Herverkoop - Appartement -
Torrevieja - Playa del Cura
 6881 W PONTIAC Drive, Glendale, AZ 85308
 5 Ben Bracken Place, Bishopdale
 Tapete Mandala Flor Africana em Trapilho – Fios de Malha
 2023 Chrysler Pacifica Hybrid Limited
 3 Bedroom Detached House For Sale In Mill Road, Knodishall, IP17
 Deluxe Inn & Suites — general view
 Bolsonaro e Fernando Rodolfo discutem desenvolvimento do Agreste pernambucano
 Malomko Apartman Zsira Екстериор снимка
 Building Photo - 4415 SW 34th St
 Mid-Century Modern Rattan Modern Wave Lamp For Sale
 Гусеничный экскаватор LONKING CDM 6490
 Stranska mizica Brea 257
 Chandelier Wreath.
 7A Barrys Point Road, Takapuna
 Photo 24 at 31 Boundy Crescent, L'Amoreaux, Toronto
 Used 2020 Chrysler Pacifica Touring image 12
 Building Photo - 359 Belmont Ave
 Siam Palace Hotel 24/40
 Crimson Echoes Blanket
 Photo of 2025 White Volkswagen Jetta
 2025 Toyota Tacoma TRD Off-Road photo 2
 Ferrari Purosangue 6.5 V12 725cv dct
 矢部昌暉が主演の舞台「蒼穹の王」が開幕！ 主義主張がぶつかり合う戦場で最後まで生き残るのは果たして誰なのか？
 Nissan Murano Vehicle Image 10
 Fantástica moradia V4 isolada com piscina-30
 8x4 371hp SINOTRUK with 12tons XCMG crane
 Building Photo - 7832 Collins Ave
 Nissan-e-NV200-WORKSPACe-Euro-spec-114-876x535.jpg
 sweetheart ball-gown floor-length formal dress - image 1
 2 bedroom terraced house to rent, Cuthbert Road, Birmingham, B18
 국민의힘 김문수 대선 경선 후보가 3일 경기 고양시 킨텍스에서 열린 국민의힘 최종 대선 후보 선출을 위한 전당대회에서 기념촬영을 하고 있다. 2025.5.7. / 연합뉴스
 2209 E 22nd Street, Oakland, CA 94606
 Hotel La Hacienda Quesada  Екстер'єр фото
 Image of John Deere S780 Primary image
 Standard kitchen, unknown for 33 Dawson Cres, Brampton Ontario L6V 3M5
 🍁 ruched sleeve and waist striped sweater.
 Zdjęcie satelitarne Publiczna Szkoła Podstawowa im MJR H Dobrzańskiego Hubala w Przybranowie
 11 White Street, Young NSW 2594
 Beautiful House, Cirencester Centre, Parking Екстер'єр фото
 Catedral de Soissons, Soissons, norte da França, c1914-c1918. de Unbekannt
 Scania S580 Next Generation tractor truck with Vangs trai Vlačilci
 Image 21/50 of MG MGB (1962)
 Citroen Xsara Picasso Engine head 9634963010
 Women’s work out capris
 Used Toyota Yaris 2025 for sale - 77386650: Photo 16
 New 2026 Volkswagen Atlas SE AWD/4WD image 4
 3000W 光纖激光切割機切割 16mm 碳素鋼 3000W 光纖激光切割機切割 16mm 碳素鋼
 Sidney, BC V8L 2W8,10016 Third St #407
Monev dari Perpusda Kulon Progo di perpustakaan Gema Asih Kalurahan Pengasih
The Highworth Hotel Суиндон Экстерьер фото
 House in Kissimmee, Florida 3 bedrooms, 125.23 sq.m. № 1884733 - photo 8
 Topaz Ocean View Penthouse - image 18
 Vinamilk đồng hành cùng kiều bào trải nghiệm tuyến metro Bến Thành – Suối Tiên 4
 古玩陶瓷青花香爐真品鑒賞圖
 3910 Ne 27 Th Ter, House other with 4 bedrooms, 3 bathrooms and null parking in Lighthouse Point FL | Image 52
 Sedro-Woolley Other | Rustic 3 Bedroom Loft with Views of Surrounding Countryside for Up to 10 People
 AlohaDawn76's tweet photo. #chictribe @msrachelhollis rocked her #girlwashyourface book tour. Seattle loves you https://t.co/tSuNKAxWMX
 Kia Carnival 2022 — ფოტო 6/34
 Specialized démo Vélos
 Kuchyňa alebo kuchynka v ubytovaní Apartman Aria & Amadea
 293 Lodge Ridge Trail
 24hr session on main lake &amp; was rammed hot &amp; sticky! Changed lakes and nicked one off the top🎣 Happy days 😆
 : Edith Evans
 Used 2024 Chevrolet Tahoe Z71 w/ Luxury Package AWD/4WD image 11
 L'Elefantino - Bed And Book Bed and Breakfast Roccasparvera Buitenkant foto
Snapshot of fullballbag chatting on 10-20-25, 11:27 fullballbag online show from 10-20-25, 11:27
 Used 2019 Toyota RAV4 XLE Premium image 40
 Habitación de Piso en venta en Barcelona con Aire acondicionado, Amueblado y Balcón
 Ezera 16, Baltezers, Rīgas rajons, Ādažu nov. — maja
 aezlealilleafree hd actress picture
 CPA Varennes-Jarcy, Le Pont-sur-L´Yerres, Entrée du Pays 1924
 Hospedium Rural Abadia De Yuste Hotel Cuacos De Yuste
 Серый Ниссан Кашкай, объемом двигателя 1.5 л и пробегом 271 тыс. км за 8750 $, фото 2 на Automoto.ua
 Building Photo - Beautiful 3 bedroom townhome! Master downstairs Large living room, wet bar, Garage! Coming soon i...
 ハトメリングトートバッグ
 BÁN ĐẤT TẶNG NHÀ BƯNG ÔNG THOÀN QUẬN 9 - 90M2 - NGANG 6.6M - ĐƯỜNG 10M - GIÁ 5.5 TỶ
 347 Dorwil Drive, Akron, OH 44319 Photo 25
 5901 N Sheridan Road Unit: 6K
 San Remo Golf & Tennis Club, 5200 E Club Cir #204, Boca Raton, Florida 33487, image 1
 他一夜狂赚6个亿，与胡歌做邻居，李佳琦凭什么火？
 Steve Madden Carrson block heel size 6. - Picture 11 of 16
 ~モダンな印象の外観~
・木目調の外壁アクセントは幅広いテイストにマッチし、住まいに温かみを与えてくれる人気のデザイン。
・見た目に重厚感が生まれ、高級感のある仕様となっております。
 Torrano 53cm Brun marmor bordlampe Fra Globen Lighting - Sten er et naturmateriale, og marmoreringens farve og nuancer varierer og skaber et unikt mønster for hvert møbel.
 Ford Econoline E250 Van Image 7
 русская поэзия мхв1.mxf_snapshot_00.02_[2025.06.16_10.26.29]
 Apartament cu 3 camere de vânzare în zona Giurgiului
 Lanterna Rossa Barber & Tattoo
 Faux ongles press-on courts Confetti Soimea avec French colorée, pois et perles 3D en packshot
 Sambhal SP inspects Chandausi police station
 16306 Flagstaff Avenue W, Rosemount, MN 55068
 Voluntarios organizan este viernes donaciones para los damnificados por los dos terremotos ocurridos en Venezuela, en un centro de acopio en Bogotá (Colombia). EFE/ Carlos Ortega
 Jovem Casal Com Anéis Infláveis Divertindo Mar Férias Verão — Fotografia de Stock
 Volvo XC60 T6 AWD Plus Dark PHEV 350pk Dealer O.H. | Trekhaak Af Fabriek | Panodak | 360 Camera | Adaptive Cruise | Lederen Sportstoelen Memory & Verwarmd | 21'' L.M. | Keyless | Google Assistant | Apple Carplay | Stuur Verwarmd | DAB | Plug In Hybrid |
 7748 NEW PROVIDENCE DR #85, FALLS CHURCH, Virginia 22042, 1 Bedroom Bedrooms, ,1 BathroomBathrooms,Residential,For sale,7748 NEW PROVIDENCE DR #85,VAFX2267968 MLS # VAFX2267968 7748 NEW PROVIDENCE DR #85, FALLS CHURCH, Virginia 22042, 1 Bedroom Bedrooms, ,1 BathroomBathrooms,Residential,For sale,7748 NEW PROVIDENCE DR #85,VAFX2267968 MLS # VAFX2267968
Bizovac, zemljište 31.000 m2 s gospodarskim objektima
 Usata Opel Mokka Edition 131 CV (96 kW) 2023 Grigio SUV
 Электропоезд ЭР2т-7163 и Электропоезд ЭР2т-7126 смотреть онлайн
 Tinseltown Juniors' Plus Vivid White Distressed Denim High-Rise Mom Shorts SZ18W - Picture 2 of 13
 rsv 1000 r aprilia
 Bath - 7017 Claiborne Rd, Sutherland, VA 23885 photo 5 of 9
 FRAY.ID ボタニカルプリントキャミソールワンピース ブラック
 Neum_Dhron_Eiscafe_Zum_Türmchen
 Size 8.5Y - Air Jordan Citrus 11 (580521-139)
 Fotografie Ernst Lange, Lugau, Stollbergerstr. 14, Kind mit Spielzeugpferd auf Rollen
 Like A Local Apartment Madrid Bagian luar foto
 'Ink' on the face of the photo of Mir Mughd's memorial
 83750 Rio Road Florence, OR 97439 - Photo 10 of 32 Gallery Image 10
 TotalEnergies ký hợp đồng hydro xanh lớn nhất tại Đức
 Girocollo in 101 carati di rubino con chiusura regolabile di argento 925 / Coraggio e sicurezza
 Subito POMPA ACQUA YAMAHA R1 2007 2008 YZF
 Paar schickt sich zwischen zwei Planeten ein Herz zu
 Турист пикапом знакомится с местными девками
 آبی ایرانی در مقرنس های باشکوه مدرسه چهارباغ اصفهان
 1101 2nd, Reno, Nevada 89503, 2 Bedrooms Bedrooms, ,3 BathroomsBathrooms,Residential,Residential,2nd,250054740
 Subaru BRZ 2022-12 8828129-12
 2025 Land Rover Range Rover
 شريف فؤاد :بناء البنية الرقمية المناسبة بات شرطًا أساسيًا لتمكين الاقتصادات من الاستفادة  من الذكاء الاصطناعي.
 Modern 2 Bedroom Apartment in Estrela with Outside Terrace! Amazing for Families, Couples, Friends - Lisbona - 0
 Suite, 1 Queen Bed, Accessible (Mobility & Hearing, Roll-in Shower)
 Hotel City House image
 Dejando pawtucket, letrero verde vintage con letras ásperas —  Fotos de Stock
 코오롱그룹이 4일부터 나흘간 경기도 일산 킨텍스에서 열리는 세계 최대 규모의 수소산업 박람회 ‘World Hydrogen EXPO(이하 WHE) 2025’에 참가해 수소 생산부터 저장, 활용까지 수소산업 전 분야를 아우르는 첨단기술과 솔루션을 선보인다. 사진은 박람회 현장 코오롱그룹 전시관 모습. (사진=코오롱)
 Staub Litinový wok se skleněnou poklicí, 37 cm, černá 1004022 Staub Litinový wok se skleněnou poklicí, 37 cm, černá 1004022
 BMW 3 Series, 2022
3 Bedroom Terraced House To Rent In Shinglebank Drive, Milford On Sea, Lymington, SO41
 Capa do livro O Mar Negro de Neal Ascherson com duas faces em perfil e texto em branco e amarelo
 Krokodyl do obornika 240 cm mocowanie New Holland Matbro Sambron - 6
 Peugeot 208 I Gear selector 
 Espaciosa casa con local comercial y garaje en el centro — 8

TASK TO COMPLETE:
Take the lines from the first line of the records through the line holding "Building Photo - 4415 SW 34th St", both included, and please reproduce them exactly with nothing added.

PROBLEM SOLUTION:
Herverkoop - Appartement -
Torrevieja - Playa del Cura
 6881 W PONTIAC Drive, Glendale, AZ 85308
 5 Ben Bracken Place, Bishopdale
 Tapete Mandala Flor Africana em Trapilho – Fios de Malha
 2023 Chrysler Pacifica Hybrid Limited
 3 Bedroom Detached House For Sale In Mill Road, Knodishall, IP17
 Deluxe Inn & Suites — general view
 Bolsonaro e Fernando Rodolfo discutem desenvolvimento do Agreste pernambucano
 Malomko Apartman Zsira Екстериор снимка
 Building Photo - 4415 SW 34th St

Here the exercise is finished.